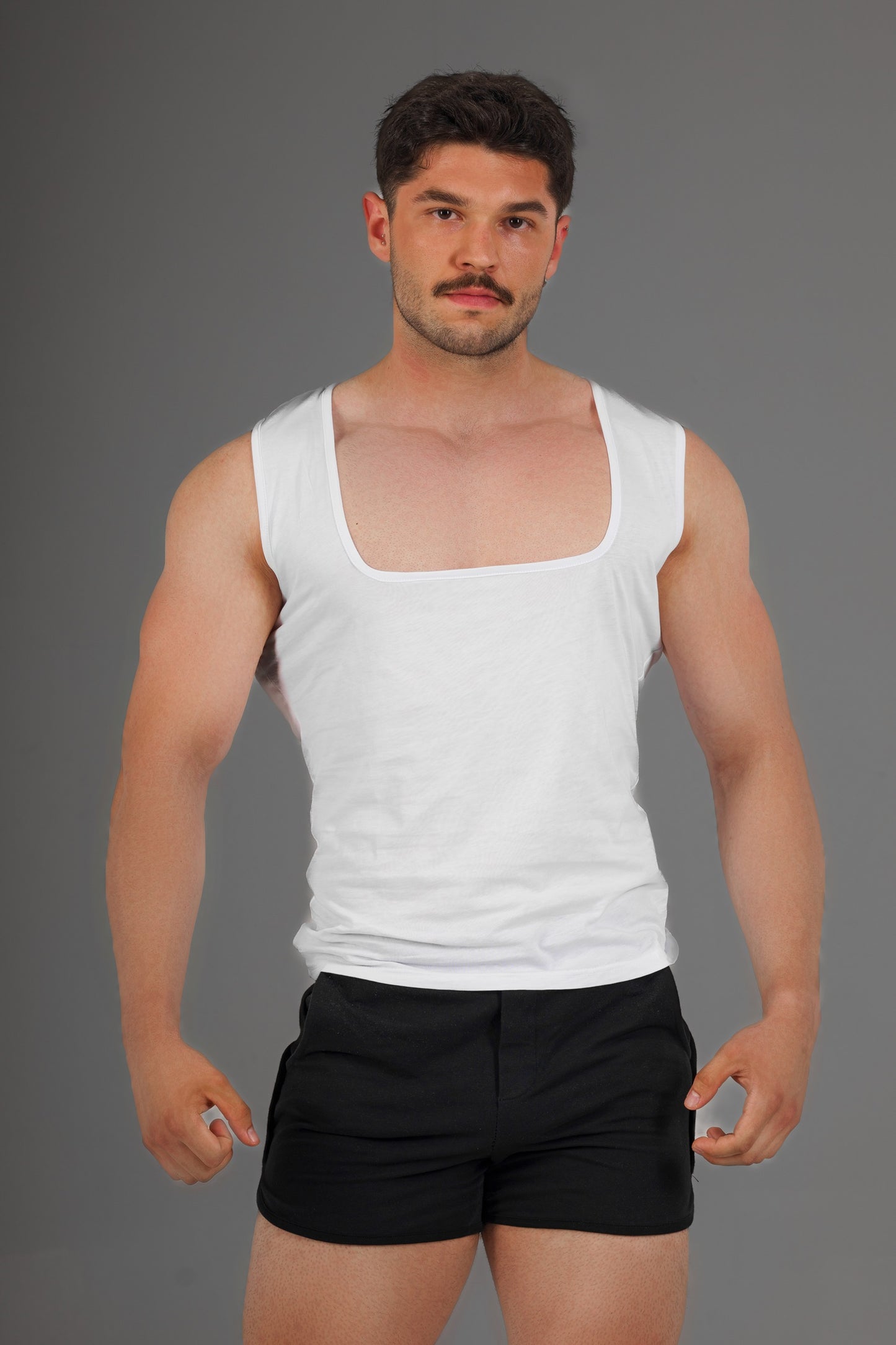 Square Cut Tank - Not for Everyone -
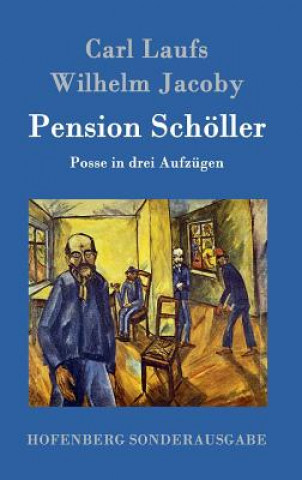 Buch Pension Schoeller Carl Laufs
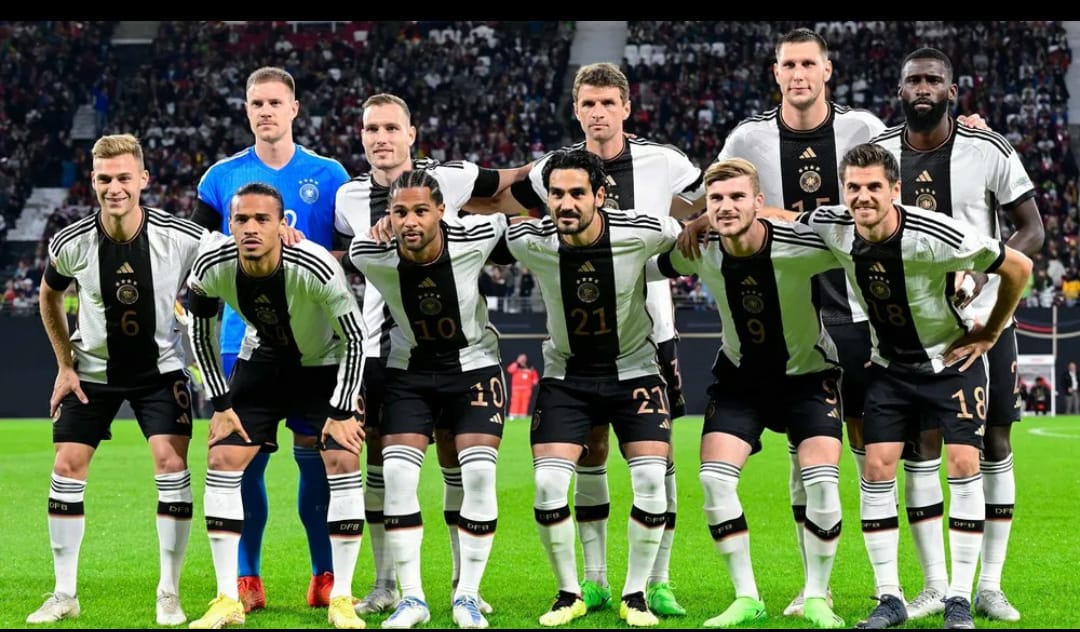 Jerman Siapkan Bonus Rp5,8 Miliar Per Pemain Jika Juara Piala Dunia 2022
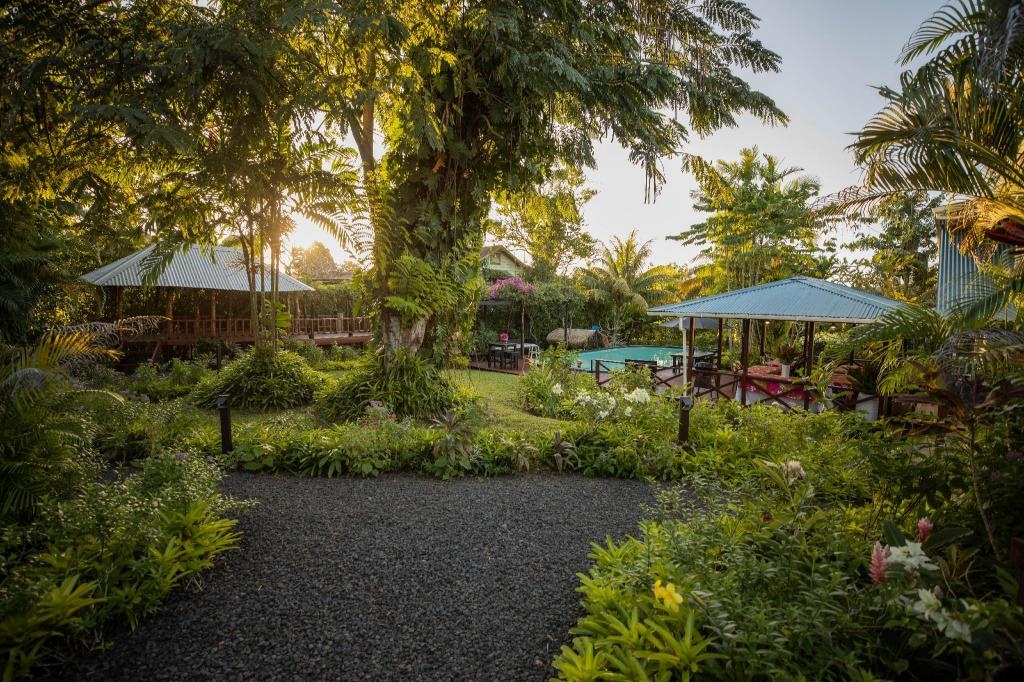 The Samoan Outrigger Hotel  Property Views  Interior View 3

⁂

*What to work on*
Copy the listing above verbatim, leaving out pictures.

*Answer to this task*
 Square Cut Tank - Not for Everyone -
 Buch Pension Schoeller Carl Laufs
 Jerman Siapkan Bonus Rp5,8 Miliar Per Pemain Jika Juara Piala Dunia 2022
 The Samoan Outrigger Hotel  Property Views  Interior View 3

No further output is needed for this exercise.